Monday, March 9, 2009
Q: Introduce us to yourself and your company.
My name is Josh Morse, and I produce stuff for Cliff Freeman and Partners in NYC.
Q: Interactive Producers come from all walks of life, they are a hybrid of talents, tell us about your background and how you got interested in digital production?
I kind of fell into it to be honest. Its a really long story, but the short version is I wanted to draw comic books but then I had to pay rent. I like digital because its the most modern media out there. Its a media that incorporates all other media that came before it. That being said, I don’t just do digital production. Cliff is a small boutique-ie shop, so production there is truly integrated, because it has to be. For instance, I just produced a three TV spots shoot in Africa, and now I’m making an iphone app and an adobe air app. Its always something different, and that’s why its fun.
Q: How do you stay on top of emerging technologies and keep your team informed and motivated?
Friends. I have lots of really smart friends all over the place doing all sorts of different things. We like to talk about work. Reading stuff helps too. There’s this thing, the interweb, its pretty good for research.
Q: What does your ideal client/project look like?
Anything that is staffed up from the client side to the vendor side with fun intelligent people who really care about the work, not their egos.
Q: How do you educate your clients and set realistic expectations for a project?
I write some pretty detailed pre-bid books about how I’m spending their money and why I’m spending it that way. Then I personally present it before I actually spend it. Sometimes they don’t read them, but I try to make sure they understand the choices being made and the potential compromises involved well before production begins. That being said, I also make it a policy to never say “No.” I’ll say “I dunno, let me find out,” or “if we do that, then we can’t do this,” but never just plain “no.” I’m a producer.
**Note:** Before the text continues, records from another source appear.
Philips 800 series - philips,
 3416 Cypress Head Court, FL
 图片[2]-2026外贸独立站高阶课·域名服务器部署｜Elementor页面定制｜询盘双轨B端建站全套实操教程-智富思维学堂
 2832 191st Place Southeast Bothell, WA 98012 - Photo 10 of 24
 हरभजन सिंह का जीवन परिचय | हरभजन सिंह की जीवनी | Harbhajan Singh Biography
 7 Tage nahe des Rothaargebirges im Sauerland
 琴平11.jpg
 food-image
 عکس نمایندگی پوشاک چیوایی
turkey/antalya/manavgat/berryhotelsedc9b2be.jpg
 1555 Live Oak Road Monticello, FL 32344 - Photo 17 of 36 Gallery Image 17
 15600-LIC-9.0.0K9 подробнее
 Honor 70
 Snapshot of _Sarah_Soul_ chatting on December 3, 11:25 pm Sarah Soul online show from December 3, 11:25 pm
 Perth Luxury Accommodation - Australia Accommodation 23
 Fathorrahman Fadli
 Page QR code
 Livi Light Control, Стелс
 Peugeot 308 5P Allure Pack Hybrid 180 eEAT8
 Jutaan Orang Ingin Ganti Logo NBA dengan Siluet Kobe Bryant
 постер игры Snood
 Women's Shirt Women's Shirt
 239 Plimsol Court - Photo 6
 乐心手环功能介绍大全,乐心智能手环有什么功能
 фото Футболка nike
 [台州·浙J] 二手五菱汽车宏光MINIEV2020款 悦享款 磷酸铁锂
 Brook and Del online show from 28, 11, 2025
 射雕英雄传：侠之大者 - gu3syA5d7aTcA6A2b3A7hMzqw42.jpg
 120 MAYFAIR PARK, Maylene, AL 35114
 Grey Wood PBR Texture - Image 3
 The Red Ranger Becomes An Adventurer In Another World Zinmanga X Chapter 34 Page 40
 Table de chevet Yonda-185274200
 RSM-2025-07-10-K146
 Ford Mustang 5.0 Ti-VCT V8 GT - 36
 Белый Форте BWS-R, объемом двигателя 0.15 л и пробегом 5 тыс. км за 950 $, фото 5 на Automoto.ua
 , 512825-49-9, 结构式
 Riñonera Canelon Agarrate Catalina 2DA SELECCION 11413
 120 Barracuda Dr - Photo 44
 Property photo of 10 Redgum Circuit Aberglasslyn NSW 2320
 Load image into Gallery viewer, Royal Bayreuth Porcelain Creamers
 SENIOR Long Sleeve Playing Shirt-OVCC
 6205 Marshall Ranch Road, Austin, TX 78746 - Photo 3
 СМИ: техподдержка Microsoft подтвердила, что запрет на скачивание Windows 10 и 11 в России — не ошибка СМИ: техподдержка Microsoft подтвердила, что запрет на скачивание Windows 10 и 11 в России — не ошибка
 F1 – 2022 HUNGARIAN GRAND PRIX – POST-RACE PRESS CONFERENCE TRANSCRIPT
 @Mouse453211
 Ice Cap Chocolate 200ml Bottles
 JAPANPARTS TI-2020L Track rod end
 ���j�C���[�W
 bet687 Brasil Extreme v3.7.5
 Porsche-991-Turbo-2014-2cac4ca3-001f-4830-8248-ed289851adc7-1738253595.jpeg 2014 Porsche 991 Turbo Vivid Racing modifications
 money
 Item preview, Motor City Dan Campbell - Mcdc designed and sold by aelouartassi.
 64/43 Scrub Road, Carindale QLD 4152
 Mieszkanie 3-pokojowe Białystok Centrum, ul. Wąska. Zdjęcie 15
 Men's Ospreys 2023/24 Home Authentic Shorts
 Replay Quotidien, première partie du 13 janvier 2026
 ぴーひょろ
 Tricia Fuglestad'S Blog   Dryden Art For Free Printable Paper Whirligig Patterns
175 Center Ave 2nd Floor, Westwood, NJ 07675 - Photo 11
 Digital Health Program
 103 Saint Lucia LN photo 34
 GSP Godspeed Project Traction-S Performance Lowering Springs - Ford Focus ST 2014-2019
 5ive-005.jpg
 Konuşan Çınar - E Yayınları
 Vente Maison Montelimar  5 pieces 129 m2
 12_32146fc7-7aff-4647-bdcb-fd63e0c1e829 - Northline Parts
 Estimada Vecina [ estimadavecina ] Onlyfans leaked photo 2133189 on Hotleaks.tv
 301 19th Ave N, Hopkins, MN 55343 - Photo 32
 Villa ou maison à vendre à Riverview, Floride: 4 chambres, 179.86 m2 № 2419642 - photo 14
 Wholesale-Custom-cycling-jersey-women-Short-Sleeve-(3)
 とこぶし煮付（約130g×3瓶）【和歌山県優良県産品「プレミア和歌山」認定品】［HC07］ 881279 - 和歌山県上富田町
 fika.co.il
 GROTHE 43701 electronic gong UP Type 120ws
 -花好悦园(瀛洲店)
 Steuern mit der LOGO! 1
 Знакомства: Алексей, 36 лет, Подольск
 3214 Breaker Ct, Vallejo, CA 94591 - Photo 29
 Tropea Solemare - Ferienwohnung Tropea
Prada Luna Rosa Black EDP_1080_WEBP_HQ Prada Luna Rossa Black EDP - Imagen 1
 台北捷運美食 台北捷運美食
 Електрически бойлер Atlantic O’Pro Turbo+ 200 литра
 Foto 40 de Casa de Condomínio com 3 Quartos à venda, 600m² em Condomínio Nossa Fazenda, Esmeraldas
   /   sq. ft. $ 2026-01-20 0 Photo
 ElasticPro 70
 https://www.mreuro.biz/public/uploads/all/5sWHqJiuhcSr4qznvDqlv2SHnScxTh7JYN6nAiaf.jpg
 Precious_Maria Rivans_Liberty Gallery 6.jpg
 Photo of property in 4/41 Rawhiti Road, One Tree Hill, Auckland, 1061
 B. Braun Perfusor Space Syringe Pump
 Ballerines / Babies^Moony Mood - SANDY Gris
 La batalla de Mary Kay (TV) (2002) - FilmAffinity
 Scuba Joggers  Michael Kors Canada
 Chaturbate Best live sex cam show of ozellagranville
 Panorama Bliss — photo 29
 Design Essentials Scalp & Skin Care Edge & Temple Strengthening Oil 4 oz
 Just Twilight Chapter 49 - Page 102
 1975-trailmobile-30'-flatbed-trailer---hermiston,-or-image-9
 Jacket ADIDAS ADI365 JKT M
If I’m here to say “no,” then I’m not producing anything.
Q: What was the best project you have ever worked on?
I did a TV shoot in Buenos Aires for Snapple where we covered entire city blocks in bubble wrap. That was pretty fucking fun, and I’ll always remember that, but it wasn’t the best end result necessarily. Cliff Bot is prolly a better example, its why you are interviewing me now, after all. Cliff Bot was really easy for me, all the heavy lifting was done by really smart people who were very much excited by the idea and wanted to execute it to its fullest. Mike and Corey at Welikesmall, Joel Jeffords, Zack Holliday, and Jason Hoff deserve a lot of credit for Cliff Bot. But I’m a big believer that you are only as good as the last thing you did, so that means the best project ever better be whatever I’m working on right now.
Q: How many projects are you comfortable producing at one given time?
I don’t really have a choice about this so who really cares. But seriously, you have to know how much you can do, and how much your company can do. And then try to do a lil more then that, but not too much more that it makes the final product suffer.
Q: What does your dream production team look like?
I dunno, but it involves a fancy machine that can stop time.
Q: How do you ensure that your client's best interests are met?
All I can do is treat their money like my money, do my best to explain everything to them, and hope they understand it all.
Q: What is your vision of what the next phase of our industry is going to look like?
I’m pretty sure there will be less money to spend on the same amount of stuff. Therefore, everything is going to be scrappier, and you’d better really love what you are doing or you shouldn’t be doing it.
Q: Please share a snippet of wisdom that you would like to impart on our readers.
Be nice to people, and respect them, cause they will appreciate that.